Le 17 juillet dernier, un rapport a mis en cause l’Abbé Pierre, accusé d’avoir agressé sexuellement plusieurs femmes des années 1970 à 2005. Dix-sept ans après la mort de l’icône, le timing de ces révélations interroge. Loin d’être un complot, il est le fruit du travail de transparence entrepris par l’Église et du complexe cheminement intérieur des victimes.
Il était, et est toujours, le symbole de la lutte contre la pauvreté et le mal-logement. Mais l'Abbé Pierre renfermait aussi en lui une face sombre, si l'on se fie à la lecture du rapport publié par Emmaüs et la Fondation Abbé-Pierre, le 17 juillet dernier. Six femmes rapportent des faits pouvant être qualifiés d'agressions sexuelles ; une septième relate des propos sexistes et des sollicitations indécentes. Les événements présentés se seraient déroulés entre la fin des années 1970 et 2005. Ils impliquent des attouchements de l'Abbé Pierre sur la poitrine de plusieurs femmes, dont une de 16 ou 17 ans, et un baiser forcé sur la bouche.
Les graines de la Ciase
Pourquoi ces affaires n'ont-elles été rendues publiques que maintenant, dix-sept ans après sa mort (1912- 2007), lui qui ne pourra donc pas se défendre? Le travail récent de transparence entrepris par l'Église, à travers la Commission indépendante sur les abus sexuels (Ciase), a été prépondérant.

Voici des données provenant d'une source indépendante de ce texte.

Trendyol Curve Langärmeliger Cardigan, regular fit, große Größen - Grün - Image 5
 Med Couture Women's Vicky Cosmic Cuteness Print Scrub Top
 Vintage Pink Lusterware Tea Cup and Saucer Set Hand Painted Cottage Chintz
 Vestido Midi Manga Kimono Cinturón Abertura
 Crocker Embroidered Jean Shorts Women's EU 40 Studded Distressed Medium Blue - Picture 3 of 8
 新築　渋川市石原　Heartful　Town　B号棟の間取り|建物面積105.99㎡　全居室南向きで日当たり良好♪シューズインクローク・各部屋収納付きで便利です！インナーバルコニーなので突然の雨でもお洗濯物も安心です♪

Ses conclusions, rendues en octobre 2021, ont convaincu l'une des victimes de l'Abbé Pierre de prendre la parole. Cette femme, catholique, qui a suivi de près les travaux de la Ciase, a pris rendez-vous début 2023 par mail avec Véronique Margron, dominicaine et figure reconnue de l'écoute des victimes d'abus sexuels dans l'Église. Les graines plantées par le travail de transparence de l'institution ont germé. Car après s'être confiée sans résultat à des responsables d'Emmaüs "il y a longtemps, mais pas cinquante ans non plus", précise Véronique Margron, c'est vers l'Église que cette femme s'est tournée. "Le rapport de la Ciase l'a décidée à témoigner, elle a enfin senti qu'elle serait écoutée", poursuit la religieuse.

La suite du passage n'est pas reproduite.